Lo escribió en La carencia: "Yo no sé de pájaros / no conozco la historia del fuego. / Pero creo que mi soledad debería tener alas". Ella quería, en realidad, amor: un amor mesiánico que viniese a salvar. Un amor que llegase y punto, para el que no hubiese que hurgar, que forzar, que provocar nada. "Buscar no es un verbo, sino un vértigo. No indica acción. No quiere decir ir al encuentro de alguien, sino yacer porque alguien no viene".
La palabra 'homosexual'
Dicen que su familia mutiló sus diarios por pudores. Dicen que se enganchó -no se sabe si platónicamente- a Elizabeth Azcona Cranwell, que formaba parte del grupo de Poesía Buenos Aires, reunidos siempre en el Palacio do Café de calle Corrientes. Pizarnik le escribió: "Para Elizabeth que sabe que las aventuras perdidas son: / una niña en busca de su nombre secreto / una muchacha corriendo detrás del amor (...) Prohibido olvidarse". Nunca confesó ser lesbiana. Le asustaba la palabra "homosexual": "Prejuicios viejos en mi vida joven".
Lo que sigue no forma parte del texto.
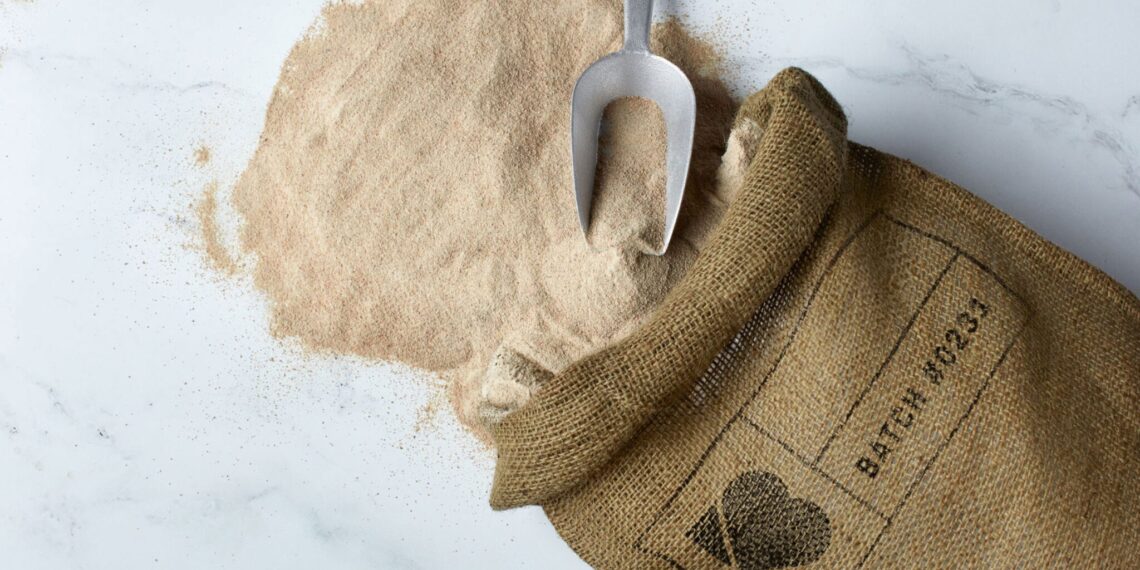 hill's pet nutrition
Su sexo era sólo violento. "D. vuelve a mostrar sus fauces de hembra de alcoba. La deseo profundamente. Su cercanía es como una premasturbación (...) Tan sucia y superficial. Tan adorable. Tan lejana", cuentan algunas de sus confesiones que duermen en la Biblioteca de Princeton. "Hoy llegué a un pobre orgasmo después de imaginar mucho tiempo que los nazis me apuntaban y me entregaban a un militar tenebroso y muy temido, que me castigaba mientras fornicaba conmigo... de todos modos, lo esencial es esto: me excita que me castiguen".
Pizarnik feminista
Muchos de sus poemas son vaginas abiertas; y eso la arrastró a convertirse en un icono del feminismo. Por sacar la cabeza como poeta cuando otras no pudieron. Por hablar de erotismo, de frustración y de desgarro. Por hacerlo desde la óptica de la feminidad. "Una flor / no lejos de la noche / mi cuerpo mudo / se abre / a la delicada urgencia del rocío", escribió en Amantes. Ganas mustias de sí misma y de otros: "Triste cuando deseo y cuando no. / Triste cuando con un cuerpo y cuando no". Contaba que sentía "un entrañable calor que me abriga cuando el mundo me golpea", y que ese calor era "el de las otras mujeres, de aquellas que hicieron de la vida este rincón sensible, luchador, de piel suave y tierno corazón guerrero".
En París vivió con hombres y mujeres. Allí trabajó para la revista Cuadernos y para algunas editoriales francesas; tradujo a Antonin Artaud, Henri Michaux, Aimé Césaire e Yves Bonnefoy; estudió historia de la religión y literatura francesa en la Sorbona. Se hizo amiga de Julio Cortázar, Rosa Chacel y Octavio Paz. Este último le escribió el prólogo de Árbol de Diana (1962), su cuarto poemario. Dijo que el libro era "la cristalización verbal por amalgama de insomnio pasional y lucidez meridiana en una disolución de realidad sometida a las más altas temperaturas" y que el producto no contenía "una sola partícula de mentira". Dijo que era "una higuera mítica", dijo que muchos no lo entenderían.
Se suicidó a los 36 años, con 50 pastillas de Seconal. Por fin salió de su Infierno musical -que sólo era la vida-. De sus silencios sordos, de sus noches con colmillos de lobo, de sus licores furiosos. Quería morir "como muere un animal pequeño en los cuentos para niños -eso tan terrible lleno de hermosura-". Y se fue en medio de ese intento suyo de "explicar con palabras de este mundo / que partió de mí un barco llevándome".